Greetings

The avalanche of birthday greetings has, I think, pretty much come to an end. Well over a hundred well-wishings, mostly on Facebook (in several different locations), some in e-mail, and a few by phone — but, this year, for the first time ever in my adult life, not even one in mail, physical rather than electronic mail. Times change.

Greetings from people from all times of my life, from childhood on, and from all parts of my life. In many keys: charming, whimsical, artful, playful-sexy, thoughtful, and moving.
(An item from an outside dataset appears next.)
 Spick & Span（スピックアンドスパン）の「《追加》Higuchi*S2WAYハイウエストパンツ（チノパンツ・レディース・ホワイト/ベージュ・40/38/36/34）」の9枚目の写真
The cakealeidoscope. From Benita Bendon Campbell and her husband Ed, a kaleidoscopic animation of cakes, cookies, and sweet biscuits (from the Jacquie Lawson company). A still from the display:


(#1) Quick, Madeleine, the biscotti!

Anniversaries. BBC reminds me that it was 60 years ago this month (1959) that I turned up at Princeton’s Language Laboratory to take up a job as an assistant for maintaining the machines and there met Miss Daingerfield of the Language Lab, who oversaw distributing the tapes for language courses. Things went well; reader, she married me. (And through Ann I met her housemate Bonnie, who’s been a friend ever since.)

And then my sister-in-law Virginia reminds me that it was 50 years ago (1969) that I gave a talk at Ohio State and met Jacques Transue — and later that year was enticed from Illinois to OSU, and Jacques became my student. (And, some years later, my lover and then husband-equivalent.)

Then, at the end of that first year at OSU, my first male lover, now a retired professor, who has sent me sweet e-mail on my birthday.

Numerology. I noted that Danny — his pseudonym in my writing about my sexual life — also had a birthday coming up, in October. I wrote to him:

Ah, your birthday is creeping up upon us too: 72, an extremely factorable number (2^3 x 3^2), half a dozen dozen. [In contrast to my 79, which is a (sexy) prime.]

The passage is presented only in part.